» TASK GOAL
Nothing but an exact copy is asked for: the lines in the material below from the one with "Building Photo - 17917 Worley Dr" through the one with "19. Erciyes Kupası'nda", pictures excluded.

*** DATA FOR ANALYSIS Section Begins ***

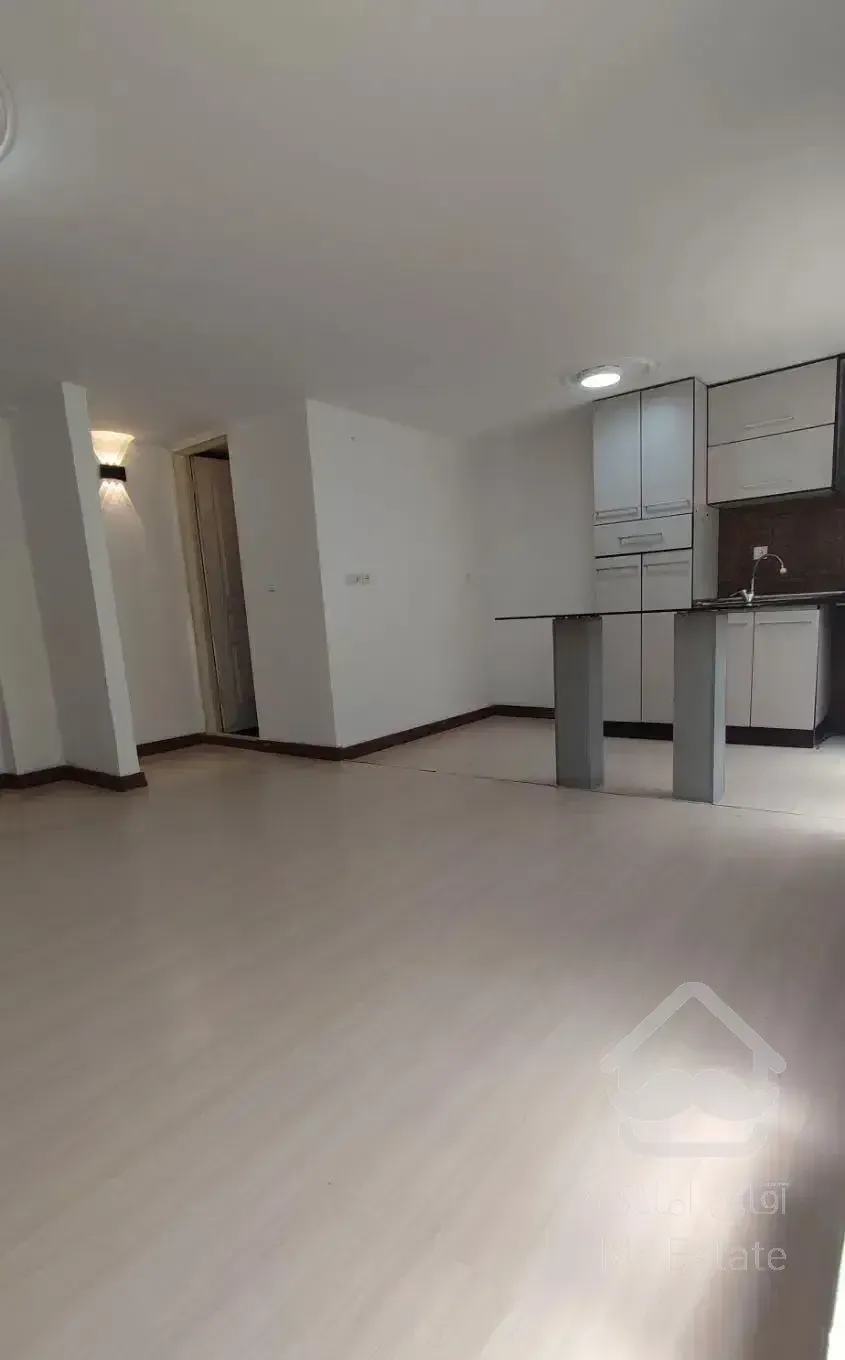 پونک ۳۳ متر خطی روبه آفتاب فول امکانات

*** DATA FOR ANALYSIS Section Ends ***
*** DATA FOR ANALYSIS Section Begins ***

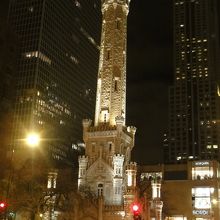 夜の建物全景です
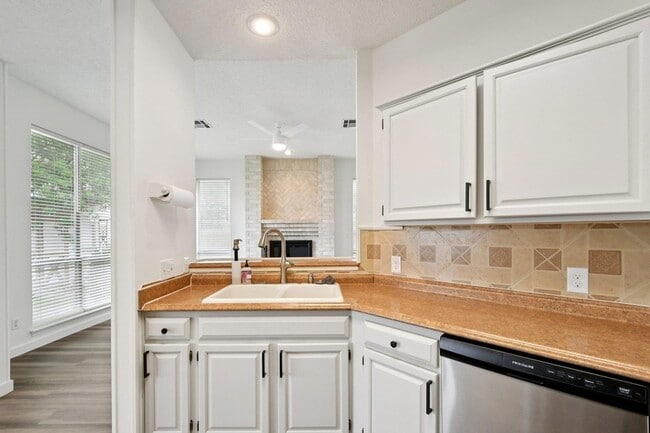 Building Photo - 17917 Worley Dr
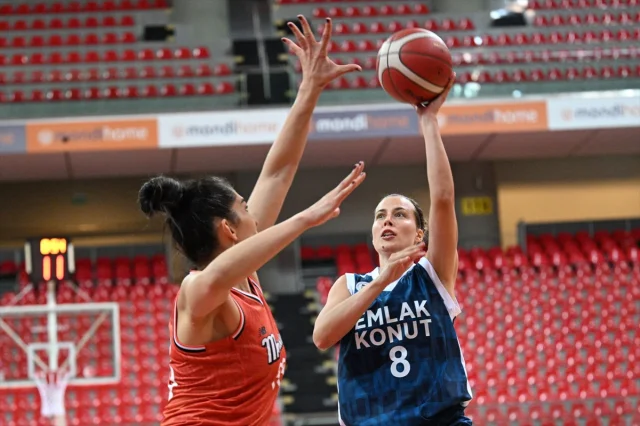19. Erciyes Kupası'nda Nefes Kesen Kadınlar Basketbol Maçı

*** DATA FOR ANALYSIS Section Ends ***

» ANSWER BELOW
 Building Photo - 17917 Worley Dr
19. Erciyes Kupası'nda Nefes Kesen Kadınlar Basketbol Maçı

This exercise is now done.